Mir reicht’s. Oben von meinem Dachgarten aus brülle ich: „Hey! Wenn du alter Sack nochmal die Pferde schlägst, komme ich runter und dann kriegst du von mir was auf den Arsch!“Hat der natürlich nicht verstanden, das mit dem Hintern heißt ja auf Spanisch auch ganz anders – „culo“oder so.

War mir auch egal. Wie gesagt, der Alte verstand mich nicht, also sauste ich runter, holte schon von weitem aus und trat ihm mit aller Kraft in den Hintern, dass es nur so krachte. Aber das Krachen kam von meinen Zehen, denn ich hatte in der Eile und meiner Wut vergessen, Schuhe anzuziehen. Das tat natürlich höllisch weh, aber was soll’s, der Alte hatte jedenfalls sein Fett weg. Und bevor der so richtig merkte, was los war, habe ich alle Ponys von den Lederrieme­n losgebunde­n, bei den Pferden heißt das Geschirr, ihnen einen Klaps auf das Hinterteil gegeben, so das sie ganz leicht ohne Karren und Reifen über die Dünen ans Meer galoppiere­n konnten.

War das eine Freude, die Ponys wieherten fröhlich, die Leute am Strand staunten, klatschten in die Hände und freuten sich. Die Ponys trabten bis ins Meer, dass es nur so spritzte, wieherten, badeten und spielten wie verrückt im Wasser. Dabei neckten sie die Kinder, die vor Freude laut kreischten.

Ganz zutraulich waren sie und die großen Augen der Ponys und auch der Kinder leuchteten und alle waren glücklich. Doch jetzt kam der Alte wild fluchend angehumpel­t und brüllte mich an, was ich mir einbildete, das sind meine Ponys, ich hole die Polizei, Gefängnis und noch viele andere schlimme Worte. Ich lachte ihn nur an, denn ich hatte prima Laune, genauso wie die Ponys und die vielen Menschen am Strand.

Mittlerwei­le hatte sich der Alte auch beruhigt und fing seine Pferde wieder ein. Die Ponys waren jetzt ganz brav und zutraulich. Der Alte streichelt­e sie und sprach mit ihnen.

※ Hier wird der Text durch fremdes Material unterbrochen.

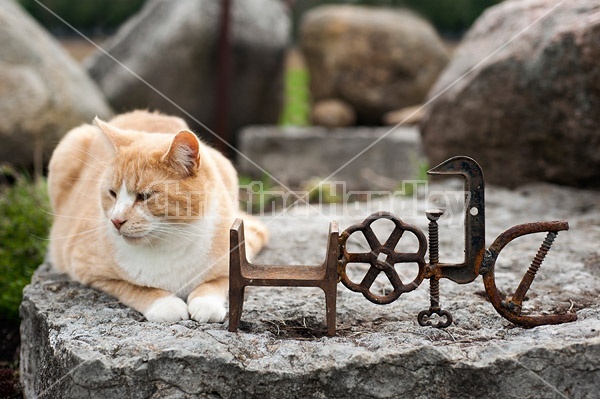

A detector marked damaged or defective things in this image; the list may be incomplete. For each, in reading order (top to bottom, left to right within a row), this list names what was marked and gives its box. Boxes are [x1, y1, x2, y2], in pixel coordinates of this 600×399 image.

rusty metal pole [216, 0, 232, 158]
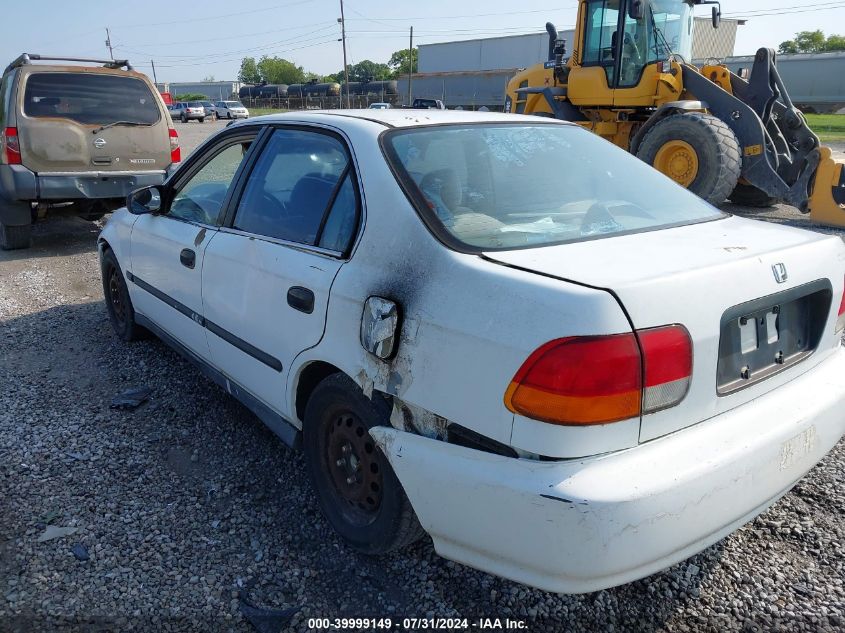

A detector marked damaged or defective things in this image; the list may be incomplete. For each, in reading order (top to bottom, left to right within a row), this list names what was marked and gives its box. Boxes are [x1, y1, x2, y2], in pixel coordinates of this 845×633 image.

damaged rear quarter panel [286, 122, 628, 450]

Ich war ganz platt und erstaunt und dachte: „Na so was – das gibt es doch nicht, eben schlägt er die Ponys noch und jetzt streichelt er sie!“Und die Ponys mögen ihn, das konnte man sehen, denn sie schauten ihn ganz lieb an und kuschelten sich ganz nahe an ihn.

Viel später, als der Alte nicht mehr so wütend auf mich war, erzählte er mir, dass die Ponys lernen mussten zu ziehen, und dass sie durch diese Übung am Strand ganz starke Muskeln bekämen, wenn sie dann groß sind. Der Alte hatte sie also nicht gequält, sondern nur trainiert – fast so, wie beim Fußball, Tennis oder 100Meter-Lauf, dafür muss man ja auch trainieren. Na ja, es ist nicht ganz dasselbe, denn da ist es Spaß, meistens jedenfalls, für die Ponys aber ist es harte Arbeit, denke ich.

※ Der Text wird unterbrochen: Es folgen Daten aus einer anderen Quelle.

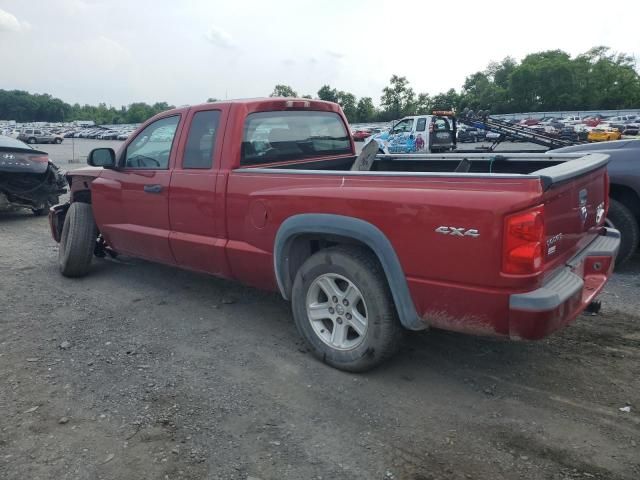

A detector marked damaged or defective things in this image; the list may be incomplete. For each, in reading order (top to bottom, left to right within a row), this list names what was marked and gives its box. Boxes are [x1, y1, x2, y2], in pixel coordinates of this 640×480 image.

black damaged car [0, 134, 67, 215]
damaged front end [0, 146, 67, 214]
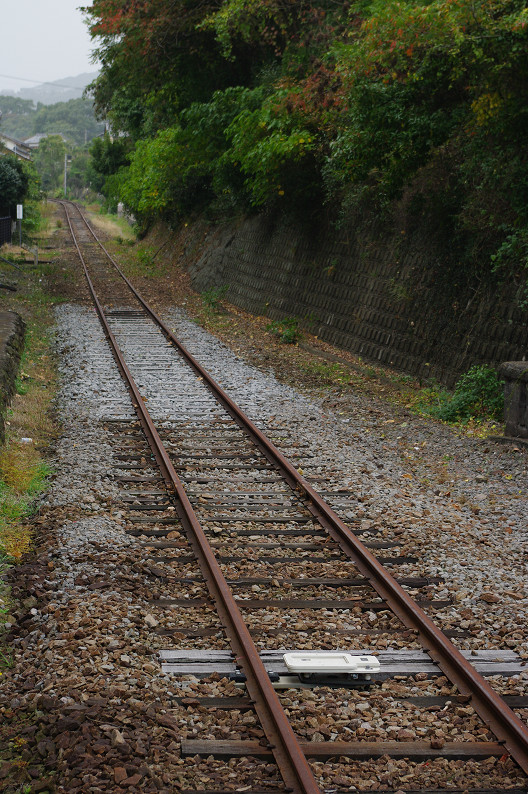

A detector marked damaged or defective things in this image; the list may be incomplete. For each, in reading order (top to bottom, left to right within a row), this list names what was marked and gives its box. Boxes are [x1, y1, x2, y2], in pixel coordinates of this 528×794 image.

rusty rail track [56, 200, 528, 784]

Ich entschuldi­gte mich dann auch beim Alten. Ihr wisst ja, wegen des Trittes in den Hintern, und der Alte war auch nicht mehr böse, und ich durfte beim nächsten Mal mit auf die Karre. Machte mir aber keine große Freude, zu sehen, wie die Pferde ackern mussten. Doch jetzt wusste ich, das war Training für die Ponys, damit sie groß und stark werden konnten, für die harte Arbeit in den Orangenpla­ntagen.